REQUIRED ACTION. Write out the whole listing exactly; no images belong in it.

RECORDS.
^^^^^^^^^^^^^^^^

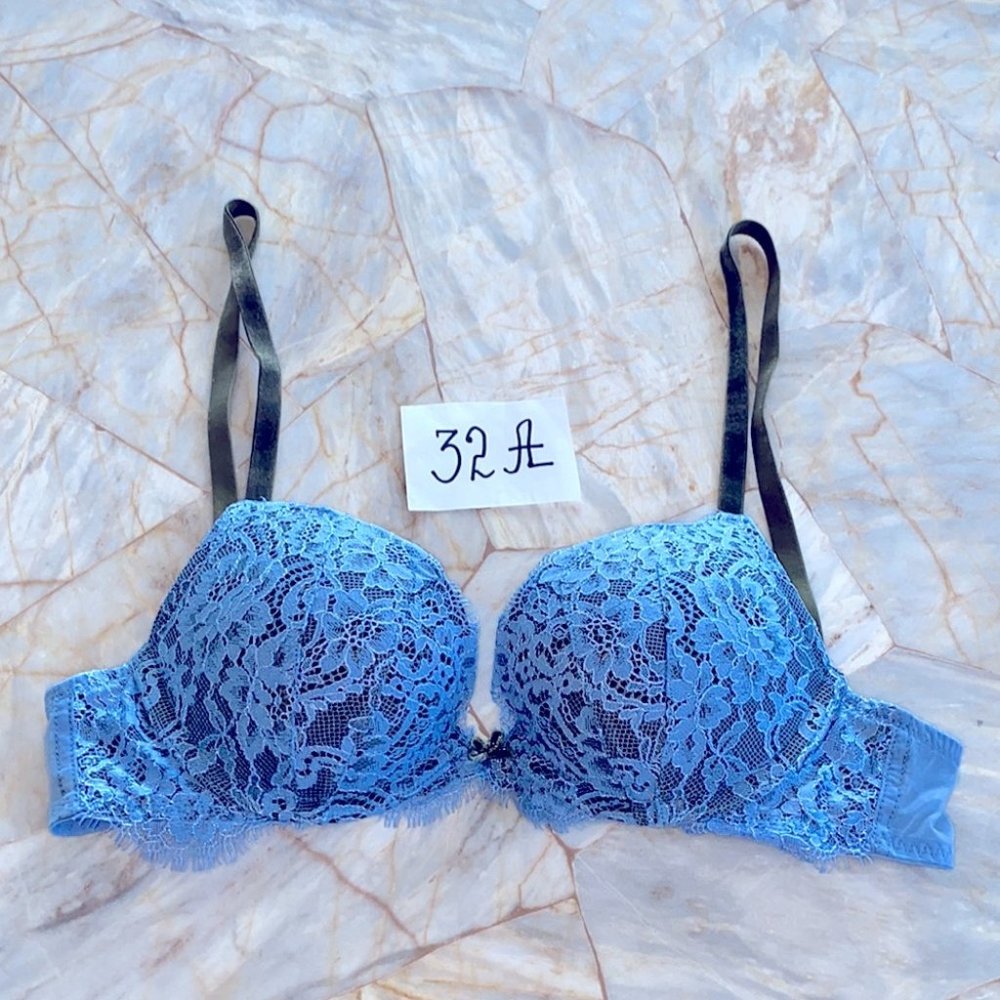 VS Dream Angels Push Up Bra Padded Lace 32A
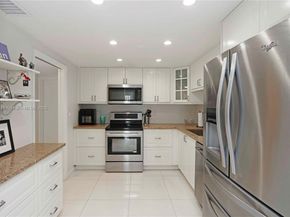 210 Sea View Dr 207, Key Biscayne FL 33149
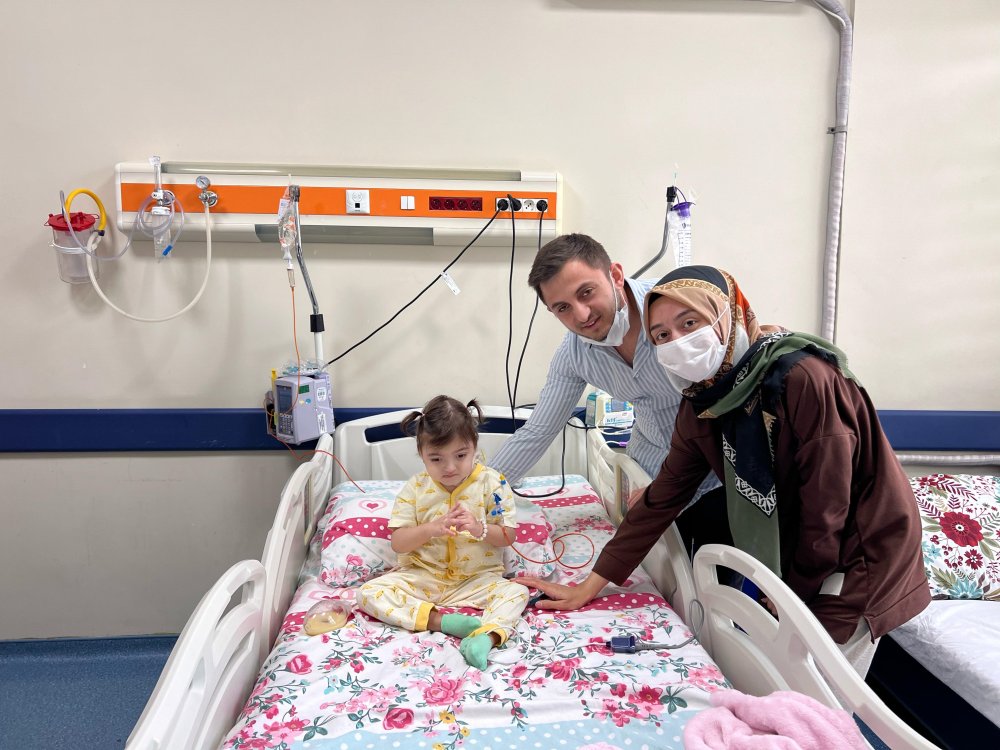 Zeynep bebeklerin yaşları, hastalıkları ve kaderleri aynı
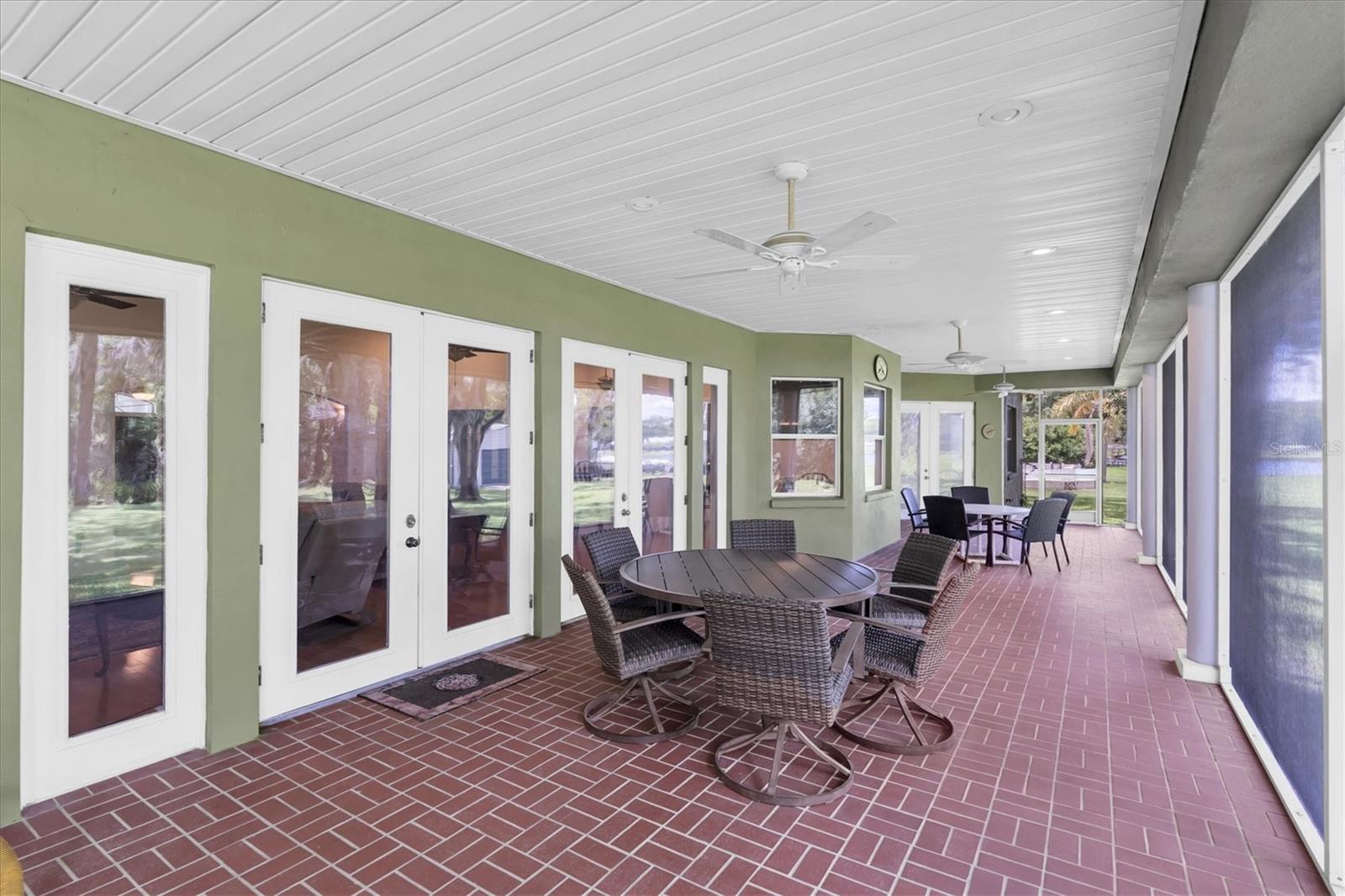 ENJOY MORNING COFFEE OR EVENING COCKTAILS HERE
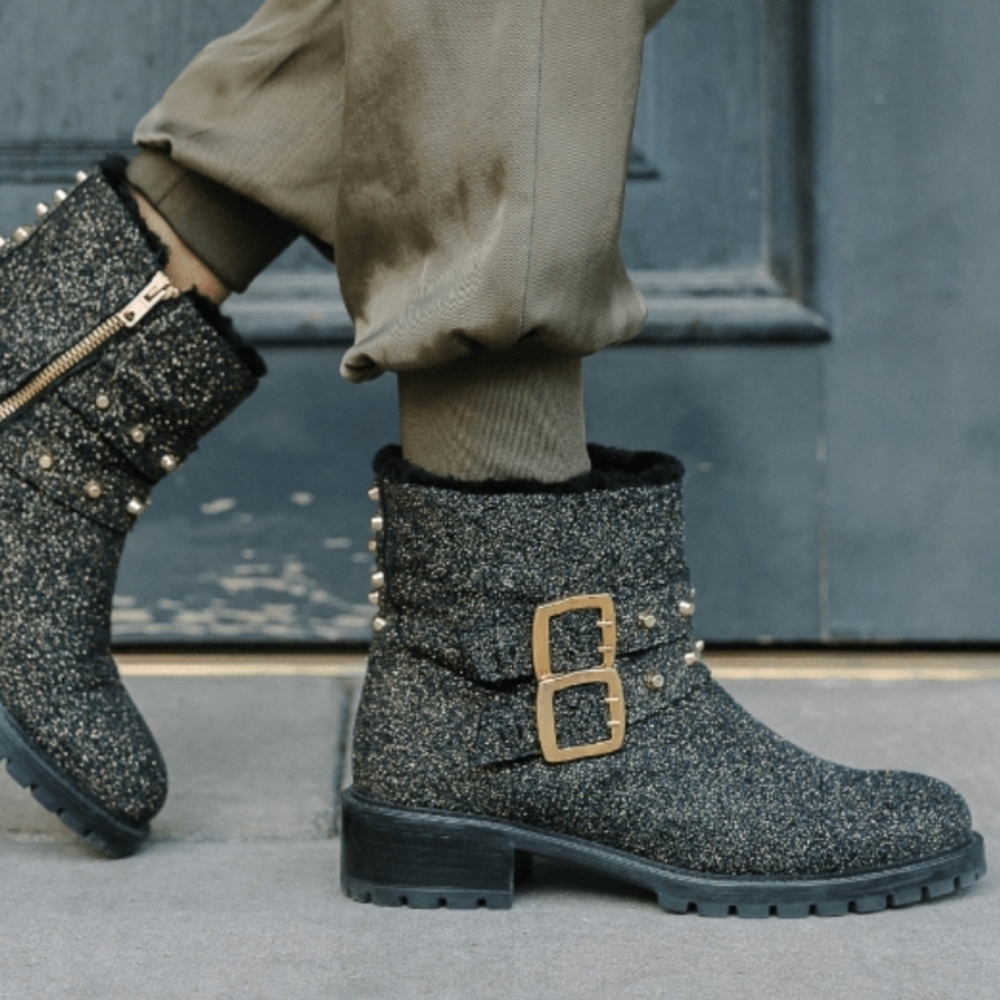Ross and Snow Womens Stefana Genuine Shearling Lined Weatherproof Glitter Boots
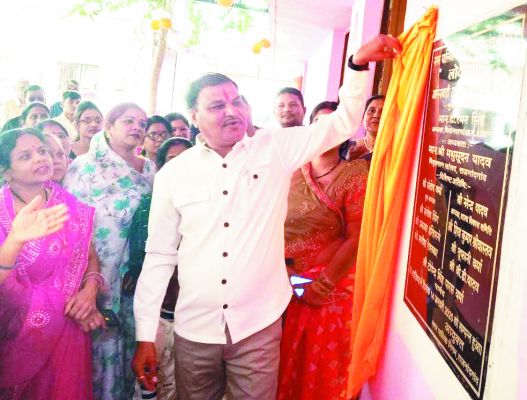 पूर्व सांसद यादव ने नवनिर्माण कार्यों का किया लोकार्पण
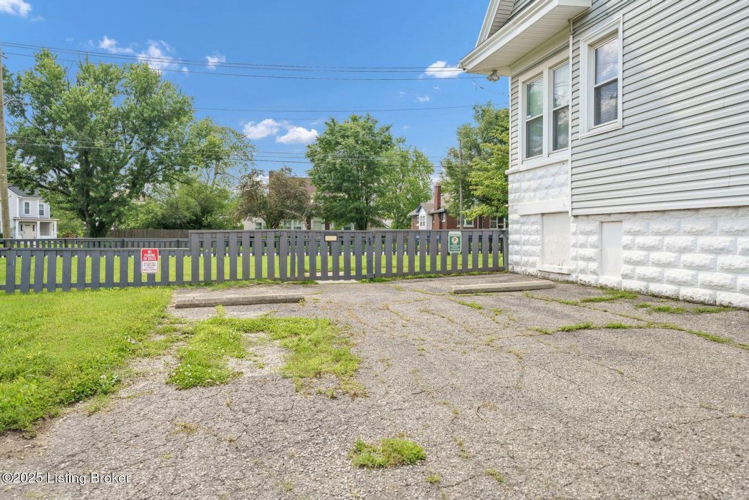 Listing Image 42
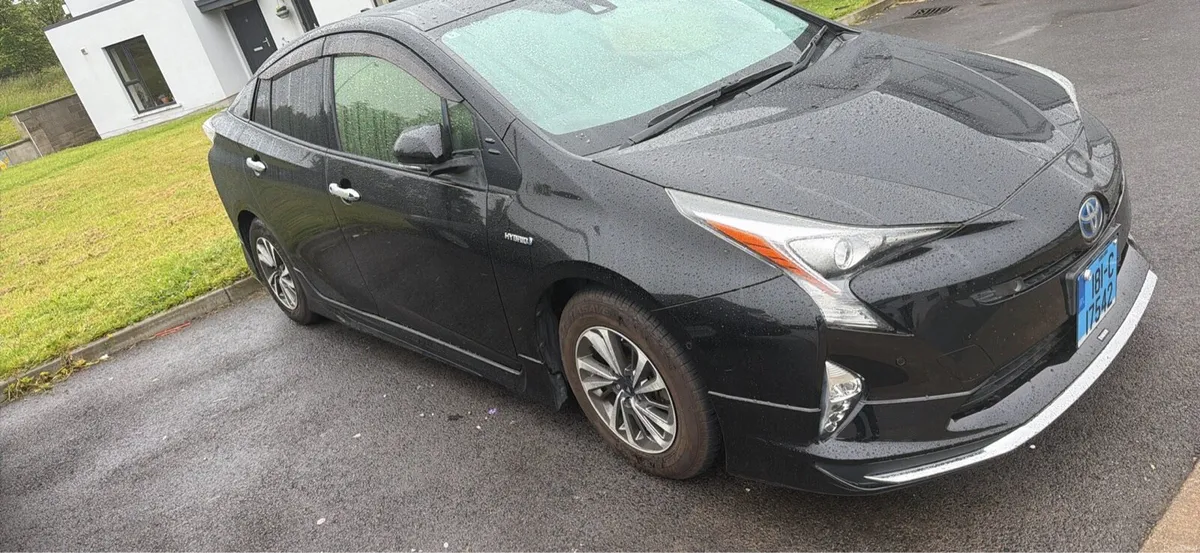 toyota prius 2018 - Image 3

^^^^^^^^^^^^^^^^

FINISHED TASK.
 VS Dream Angels Push Up Bra Padded Lace 32A
 210 Sea View Dr 207, Key Biscayne FL 33149
 Zeynep bebeklerin yaşları, hastalıkları ve kaderleri aynı
 ENJOY MORNING COFFEE OR EVENING COCKTAILS HERE
Ross and Snow Womens Stefana Genuine Shearling Lined Weatherproof Glitter Boots
 पूर्व सांसद यादव ने नवनिर्माण कार्यों का किया लोकार्पण
 Listing Image 42
 toyota prius 2018 - Image 3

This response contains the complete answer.